Here are the cliches and the must-dos that differentiate Buenos Aires as a global city distinct from any other.
It’s a great name for a steakhouse and a BA speciality. Nowhere else in South America has such a culture built around cattle.
This extends to the country ranches found on the outskirts of the city, spread more widely through Argentina. They even have a name for their cowboys – the gaucho. It’s all to do with the terrain of Argentina.
The topography is mainly pampas, flat stretches of land ideal for cattle. Unlike their neighbours, there are no dense rainforest tracts to contend with. This means the steak is plentiful, and the dining institutions have made grilling steak a fine art.
Called parrillas, the meat speaks for itself with a Latin element found in the chimichurri, a tangy relish that uses Latin flavour. Wash it down with a local Malbec, also a product of Argentinian topography, and as rich a red as you could hope for when pairing with steak.
Clubbing… at 3 am
Don’t even think about not experiencing the BA nightlife. We had to have a disco nap at 11 pm but the city is alarmingly wide awake and raring to go in the small hours.
Dinner is eaten at eleven, drinks are had, and then clubs are hit. It’s ideal if you have jetlag. But there was a plethora of red bull and energy drinks being swigged, so perhaps they’re all just as tired as we would be.
After dancing until 6 am, you’ll arrive back at the hotel for breakfast and then settle in for a daytime kip. No wonder they have an instituted siesta here.
There’s a reason why Buenos Aires has been compared to Paris, and it’s a reference that stands. Recoleta is the neighbourhood that was designed to resemble the world’s most beautiful city.
Cast iron grates and balconies on windows, as well as ﬁne pale stonework and steep-grey eaves all look very Parisian.
The Colon Opera House is a great example of this style of homage design. The street lamps are copycats too, being a trio of tall black shaded lanterns.
One way to stay awake until dinner at 11 and dancing at 3 am is to dance your way to 11 pm. Milongas open a little earlier and they are tango dance halls.

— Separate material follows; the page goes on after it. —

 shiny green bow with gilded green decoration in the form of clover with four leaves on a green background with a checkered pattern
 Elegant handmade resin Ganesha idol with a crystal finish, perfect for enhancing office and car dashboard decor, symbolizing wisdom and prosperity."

The dancers performing the tango are on their A game and take this performance art as seriously as they do sensually. It’s a battle of seduction, quick steps and scissoring. The eye contact and body language make it one of the most intimate dances you can watch.
This may sound a little morbid, but it turns out to be uplifting. Why? Well, the cemetery feels oddly lived in and cared for. Locals still visit their loved ones in vaults that have tiny underground rooms where generations of family members are buried.
The design of the graves are a creative masterpiece, with stone angels and plaques heralding the afterlife. Each imposing statue seems to reach for the heavens, and every grave is distinct.
Then there is the community of cats that pace and curl and pounce throughout the avenues of the cemetery. We count close to 40 in one visit.
You’ll also ﬁnd the grave of Eva Peron – or Evita. Be sure to watch Madonna’s biopic of Peron pre-departure.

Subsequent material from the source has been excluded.